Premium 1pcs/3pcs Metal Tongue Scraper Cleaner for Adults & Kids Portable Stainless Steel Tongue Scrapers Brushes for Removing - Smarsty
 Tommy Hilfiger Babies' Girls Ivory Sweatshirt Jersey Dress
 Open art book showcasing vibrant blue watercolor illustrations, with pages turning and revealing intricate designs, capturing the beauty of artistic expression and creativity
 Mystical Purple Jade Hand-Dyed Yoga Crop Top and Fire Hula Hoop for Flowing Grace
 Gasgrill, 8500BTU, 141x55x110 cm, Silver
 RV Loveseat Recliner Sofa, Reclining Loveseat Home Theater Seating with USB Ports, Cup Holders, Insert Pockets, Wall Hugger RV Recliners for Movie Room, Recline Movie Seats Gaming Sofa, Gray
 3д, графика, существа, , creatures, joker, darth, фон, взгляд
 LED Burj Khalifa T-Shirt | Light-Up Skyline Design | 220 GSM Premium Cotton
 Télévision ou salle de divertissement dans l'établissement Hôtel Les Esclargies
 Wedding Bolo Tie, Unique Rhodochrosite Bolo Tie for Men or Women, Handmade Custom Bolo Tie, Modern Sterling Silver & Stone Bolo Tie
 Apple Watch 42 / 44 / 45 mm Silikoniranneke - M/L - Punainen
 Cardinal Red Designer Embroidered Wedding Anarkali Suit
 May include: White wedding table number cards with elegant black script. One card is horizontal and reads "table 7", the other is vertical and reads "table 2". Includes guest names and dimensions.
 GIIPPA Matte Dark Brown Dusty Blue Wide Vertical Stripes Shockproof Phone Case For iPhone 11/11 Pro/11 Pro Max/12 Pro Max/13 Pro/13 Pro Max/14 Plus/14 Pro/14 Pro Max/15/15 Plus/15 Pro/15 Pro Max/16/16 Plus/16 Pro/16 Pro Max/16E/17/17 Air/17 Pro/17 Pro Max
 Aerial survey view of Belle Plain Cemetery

## What is expected
A word-for-word copy of the lines above from the one with "Mystical Purple Jade" through the one with "May include: White", inclusive, is the only output wanted.

## Response box
 Mystical Purple Jade Hand-Dyed Yoga Crop Top and Fire Hula Hoop for Flowing Grace
 Gasgrill, 8500BTU, 141x55x110 cm, Silver
 RV Loveseat Recliner Sofa, Reclining Loveseat Home Theater Seating with USB Ports, Cup Holders, Insert Pockets, Wall Hugger RV Recliners for Movie Room, Recline Movie Seats Gaming Sofa, Gray
 3д, графика, существа, , creatures, joker, darth, фон, взгляд
 LED Burj Khalifa T-Shirt | Light-Up Skyline Design | 220 GSM Premium Cotton
 Télévision ou salle de divertissement dans l'établissement Hôtel Les Esclargies
 Wedding Bolo Tie, Unique Rhodochrosite Bolo Tie for Men or Women, Handmade Custom Bolo Tie, Modern Sterling Silver & Stone Bolo Tie
 Apple Watch 42 / 44 / 45 mm Silikoniranneke - M/L - Punainen
 Cardinal Red Designer Embroidered Wedding Anarkali Suit
 May include: White wedding table number cards with elegant black script. One card is horizontal and reads "table 7", the other is vertical and reads "table 2". Includes guest names and dimensions.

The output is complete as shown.